There are many different job roles out there, and many types of companies, but one common thread is their use of Excel across all industries and walks of life.
It’s a key business tool that’s developed over the years and has many incredible capabilities, far too many to discuss them all in this article.
1. Industry Standard Software
So how is Excel useful? Well, let’s say you work in Finance, so how many hours do you imagine they spend on Excel? A lot usually. If the number crunching needs to be done, they may use other systems, but they always get data out of that system into a more user-friendly standard system and go for it in Excel. Finance people need Excel to formulate reports, charts, simulations, and do “what if” analysis on data, so it’s the ideal tool to do the job. Plus, it has a lot of finance specific Functions built-in, try looking at PMT, IPMT, PPMT, SLN and so on.

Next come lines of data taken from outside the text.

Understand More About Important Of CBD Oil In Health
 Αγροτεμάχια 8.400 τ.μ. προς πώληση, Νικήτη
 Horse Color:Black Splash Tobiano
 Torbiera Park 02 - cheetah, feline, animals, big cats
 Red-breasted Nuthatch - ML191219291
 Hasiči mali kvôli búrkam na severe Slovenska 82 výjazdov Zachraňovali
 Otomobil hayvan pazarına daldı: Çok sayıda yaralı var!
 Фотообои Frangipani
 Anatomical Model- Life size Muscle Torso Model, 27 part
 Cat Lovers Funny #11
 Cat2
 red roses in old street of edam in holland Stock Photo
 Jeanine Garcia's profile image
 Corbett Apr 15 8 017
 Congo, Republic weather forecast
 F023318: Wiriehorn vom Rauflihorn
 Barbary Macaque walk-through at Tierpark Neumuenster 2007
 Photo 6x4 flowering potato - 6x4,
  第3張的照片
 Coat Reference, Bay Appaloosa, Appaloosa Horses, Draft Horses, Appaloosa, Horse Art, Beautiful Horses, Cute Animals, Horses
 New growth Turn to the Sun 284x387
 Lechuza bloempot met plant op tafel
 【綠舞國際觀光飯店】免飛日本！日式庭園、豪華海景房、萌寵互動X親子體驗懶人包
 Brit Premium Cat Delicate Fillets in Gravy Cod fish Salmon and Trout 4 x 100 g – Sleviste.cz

If you work in Sales, you will need to report totals, averages, margins, basic calculations, charts, maybe you will need to create wonderful Dashboards. This is a buzzword of the moment with many companies looking to create superb user-friendly, exciting dashboard-style interfaces to their back-end data sheets containing charts, interactive menus, dropdown options, button controlled reports and charts. Slicers and Timelines can also be incorporated into the dashboards.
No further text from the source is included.